A financials shareholding company is not in legal terms, a specific form of company.

It is constituted as an SA (plc) or a SARL (Ltd Co.) or any other form of joint stock company.

The purpose of the company may simply be holding shares in other companies, but also, the management of licences and patents and of debenture loans granted to subsidiaries.

It is authorised to exercise a commercial activity, unlike a standard HOLDING company (Law 1929) or a family assets company (SPF in the French acronym).


Dividends received by the SOPARFI originating from its shareholdings in resident or non-resident capital companies are exempt from the deduction at source under certain conditions.
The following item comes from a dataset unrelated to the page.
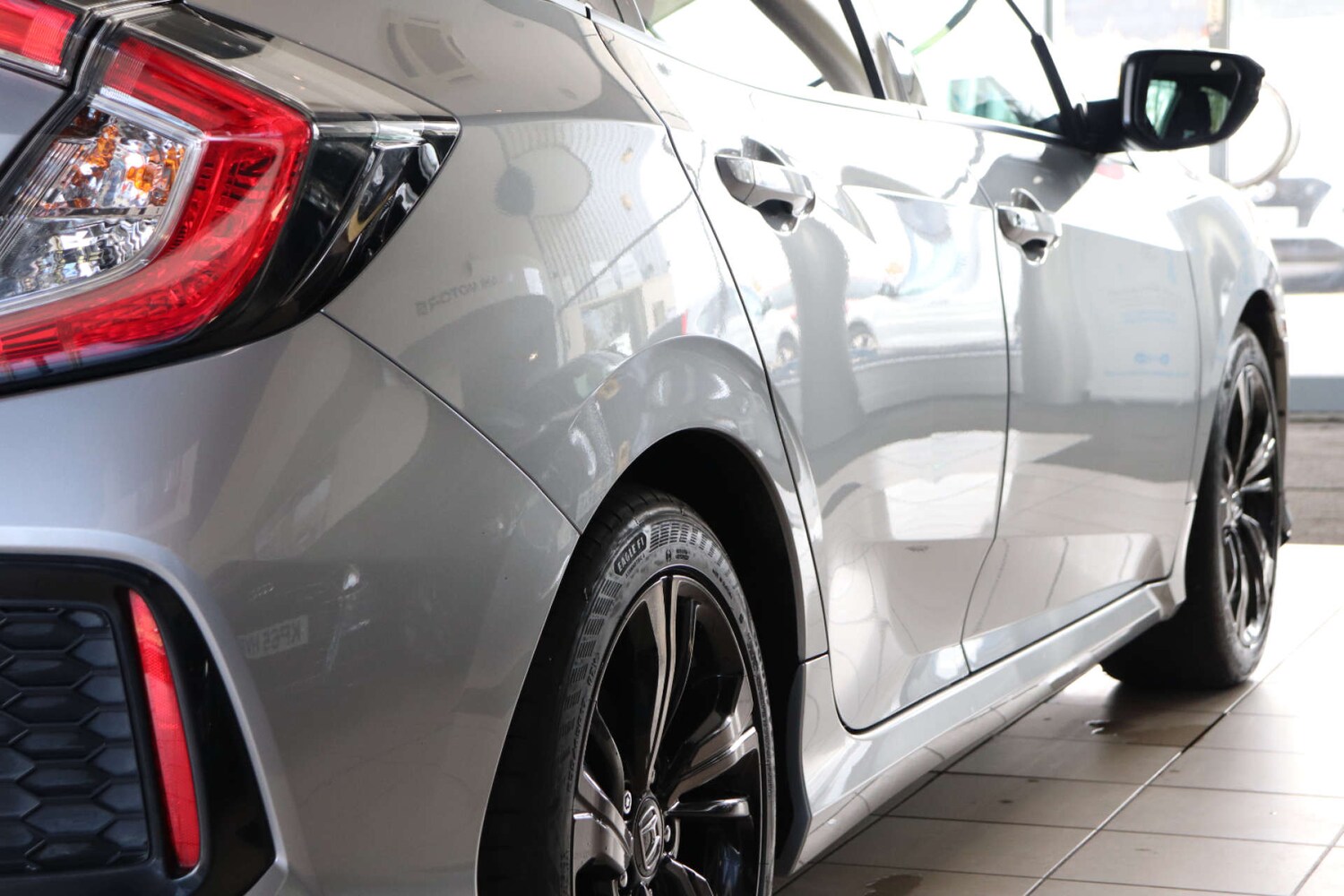 Used Honda Civic 2017 for sale - 76602079: Photo 80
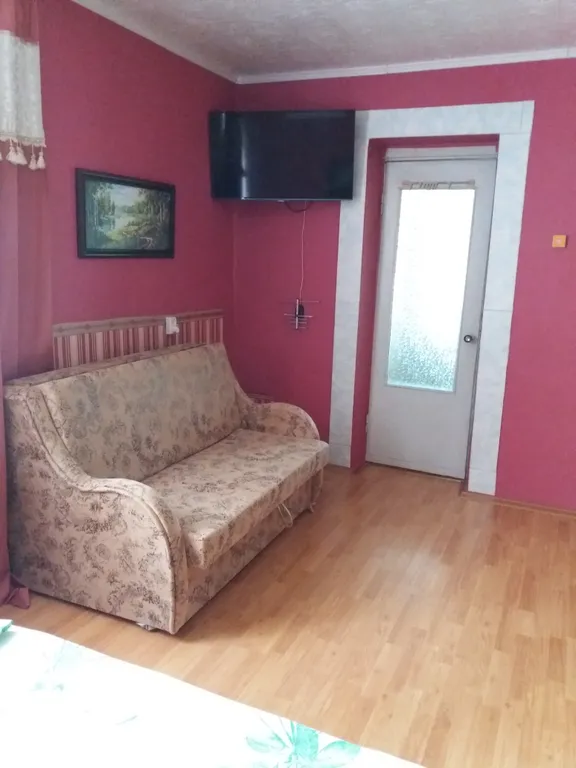 Большой дом-дача с двором, бассейном, беседкой, мангалом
SOPARFI holds a share of at least 10% in the capital of the subsidiary or a valorisation of a minimum of €1.2 million.

The subsidiary company may be resident or foreign but located in a European Union Member State.

The SOPARFI must retain its shareholding for twelve months or undertake to retain the shareholding for the said period.

Dividends paid by SOPARFI to a parent company:

Dividends paid to a parent company are exempt from the deduction at source if the beneficiary parent company is a resident company fully taxable or located in a State with which the Grand Duchy has concluded an agreement on avoiding double taxation (or an international convention).

The capital gain on disposal of shareholdings in subsidiaries satisfying the aforementioned conditions is exempt if the SOPARFI holds at least 15% of the capital.

The liquidation bonus paid to shareholders or partners in the SOPARFI following its liquidation is tax exempt.

The liquidation bonus paid to SOPARFI on liquidation of a subsidiary is not taxed.

Other activities:

In the event of activities ancillary to retention of shareholdings, notably of a commercial nature, these are liable to corporation tax and VAT.